▸ Provided information
--- START ---

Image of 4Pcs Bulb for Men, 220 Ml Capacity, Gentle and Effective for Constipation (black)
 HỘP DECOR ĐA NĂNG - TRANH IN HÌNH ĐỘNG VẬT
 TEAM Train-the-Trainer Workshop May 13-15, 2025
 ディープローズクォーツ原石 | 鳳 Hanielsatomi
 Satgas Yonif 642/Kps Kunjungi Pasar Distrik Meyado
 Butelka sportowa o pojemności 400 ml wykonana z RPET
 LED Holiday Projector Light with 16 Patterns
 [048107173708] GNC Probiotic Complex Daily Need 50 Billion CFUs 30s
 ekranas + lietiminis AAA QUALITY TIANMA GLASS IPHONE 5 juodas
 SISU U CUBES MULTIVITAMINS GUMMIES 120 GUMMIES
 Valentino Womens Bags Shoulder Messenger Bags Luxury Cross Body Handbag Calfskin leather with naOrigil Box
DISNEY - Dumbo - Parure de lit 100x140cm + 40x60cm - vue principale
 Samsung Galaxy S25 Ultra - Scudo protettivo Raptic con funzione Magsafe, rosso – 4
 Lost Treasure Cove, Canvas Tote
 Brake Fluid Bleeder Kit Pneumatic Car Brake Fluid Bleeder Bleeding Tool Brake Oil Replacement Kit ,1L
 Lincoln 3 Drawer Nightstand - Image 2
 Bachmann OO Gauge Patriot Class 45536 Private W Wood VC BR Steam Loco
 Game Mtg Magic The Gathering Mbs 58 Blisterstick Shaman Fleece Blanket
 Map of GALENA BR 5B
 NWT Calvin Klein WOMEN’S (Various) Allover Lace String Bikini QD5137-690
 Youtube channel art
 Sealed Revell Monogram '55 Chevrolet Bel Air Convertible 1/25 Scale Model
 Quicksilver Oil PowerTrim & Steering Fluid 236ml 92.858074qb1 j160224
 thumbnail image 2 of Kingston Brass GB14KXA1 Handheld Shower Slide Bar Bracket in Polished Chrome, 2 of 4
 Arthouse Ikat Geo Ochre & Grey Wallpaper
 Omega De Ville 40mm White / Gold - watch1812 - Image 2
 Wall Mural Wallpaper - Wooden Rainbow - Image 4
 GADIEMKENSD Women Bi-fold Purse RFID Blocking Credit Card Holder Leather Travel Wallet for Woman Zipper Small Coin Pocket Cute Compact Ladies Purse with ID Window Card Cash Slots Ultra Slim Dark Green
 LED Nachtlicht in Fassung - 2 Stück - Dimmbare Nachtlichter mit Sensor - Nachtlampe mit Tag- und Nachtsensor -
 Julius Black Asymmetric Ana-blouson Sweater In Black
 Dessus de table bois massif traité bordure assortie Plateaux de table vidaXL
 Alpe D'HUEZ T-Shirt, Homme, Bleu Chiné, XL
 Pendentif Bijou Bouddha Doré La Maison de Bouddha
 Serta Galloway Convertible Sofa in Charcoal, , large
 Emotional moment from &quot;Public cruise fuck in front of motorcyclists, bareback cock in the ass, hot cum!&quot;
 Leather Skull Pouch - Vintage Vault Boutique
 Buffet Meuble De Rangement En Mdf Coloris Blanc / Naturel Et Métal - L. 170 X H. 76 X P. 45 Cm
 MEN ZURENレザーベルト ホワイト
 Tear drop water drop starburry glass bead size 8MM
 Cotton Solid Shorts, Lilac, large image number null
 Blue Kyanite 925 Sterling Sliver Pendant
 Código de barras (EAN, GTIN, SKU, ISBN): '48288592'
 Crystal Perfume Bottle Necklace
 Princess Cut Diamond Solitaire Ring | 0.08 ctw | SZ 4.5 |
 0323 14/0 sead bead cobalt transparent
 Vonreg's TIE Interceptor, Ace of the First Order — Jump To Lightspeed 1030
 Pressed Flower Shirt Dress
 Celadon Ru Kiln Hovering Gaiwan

--- END ---

▸ What this task involves
Your reply should consist of the records, duplicated exactly.

▸ Answer to this task
Image of 4Pcs Bulb for Men, 220 Ml Capacity, Gentle and Effective for Constipation (black)
 HỘP DECOR ĐA NĂNG - TRANH IN HÌNH ĐỘNG VẬT
 TEAM Train-the-Trainer Workshop May 13-15, 2025
 ディープローズクォーツ原石 | 鳳 Hanielsatomi
 Satgas Yonif 642/Kps Kunjungi Pasar Distrik Meyado
 Butelka sportowa o pojemności 400 ml wykonana z RPET
 LED Holiday Projector Light with 16 Patterns
 [048107173708] GNC Probiotic Complex Daily Need 50 Billion CFUs 30s
 ekranas + lietiminis AAA QUALITY TIANMA GLASS IPHONE 5 juodas
 SISU U CUBES MULTIVITAMINS GUMMIES 120 GUMMIES
 Valentino Womens Bags Shoulder Messenger Bags Luxury Cross Body Handbag Calfskin leather with naOrigil Box
DISNEY - Dumbo - Parure de lit 100x140cm + 40x60cm - vue principale
 Samsung Galaxy S25 Ultra - Scudo protettivo Raptic con funzione Magsafe, rosso – 4
 Lost Treasure Cove, Canvas Tote
 Brake Fluid Bleeder Kit Pneumatic Car Brake Fluid Bleeder Bleeding Tool Brake Oil Replacement Kit ,1L
 Lincoln 3 Drawer Nightstand - Image 2
 Bachmann OO Gauge Patriot Class 45536 Private W Wood VC BR Steam Loco
 Game Mtg Magic The Gathering Mbs 58 Blisterstick Shaman Fleece Blanket
 Map of GALENA BR 5B
 NWT Calvin Klein WOMEN’S (Various) Allover Lace String Bikini QD5137-690
 Youtube channel art
 Sealed Revell Monogram '55 Chevrolet Bel Air Convertible 1/25 Scale Model
 Quicksilver Oil PowerTrim & Steering Fluid 236ml 92.858074qb1 j160224
 thumbnail image 2 of Kingston Brass GB14KXA1 Handheld Shower Slide Bar Bracket in Polished Chrome, 2 of 4
 Arthouse Ikat Geo Ochre & Grey Wallpaper
 Omega De Ville 40mm White / Gold - watch1812 - Image 2
 Wall Mural Wallpaper - Wooden Rainbow - Image 4
 GADIEMKENSD Women Bi-fold Purse RFID Blocking Credit Card Holder Leather Travel Wallet for Woman Zipper Small Coin Pocket Cute Compact Ladies Purse with ID Window Card Cash Slots Ultra Slim Dark Green
 LED Nachtlicht in Fassung - 2 Stück - Dimmbare Nachtlichter mit Sensor - Nachtlampe mit Tag- und Nachtsensor -
 Julius Black Asymmetric Ana-blouson Sweater In Black
 Dessus de table bois massif traité bordure assortie Plateaux de table vidaXL
 Alpe D'HUEZ T-Shirt, Homme, Bleu Chiné, XL
 Pendentif Bijou Bouddha Doré La Maison de Bouddha
 Serta Galloway Convertible Sofa in Charcoal, , large
 Emotional moment from &quot;Public cruise fuck in front of motorcyclists, bareback cock in the ass, hot cum!&quot;
 Leather Skull Pouch - Vintage Vault Boutique
 Buffet Meuble De Rangement En Mdf Coloris Blanc / Naturel Et Métal - L. 170 X H. 76 X P. 45 Cm
 MEN ZURENレザーベルト ホワイト
 Tear drop water drop starburry glass bead size 8MM
 Cotton Solid Shorts, Lilac, large image number null
 Blue Kyanite 925 Sterling Sliver Pendant
 Código de barras (EAN, GTIN, SKU, ISBN): '48288592'
 Crystal Perfume Bottle Necklace
 Princess Cut Diamond Solitaire Ring | 0.08 ctw | SZ 4.5 |
 0323 14/0 sead bead cobalt transparent
 Vonreg's TIE Interceptor, Ace of the First Order — Jump To Lightspeed 1030
 Pressed Flower Shirt Dress
 Celadon Ru Kiln Hovering Gaiwan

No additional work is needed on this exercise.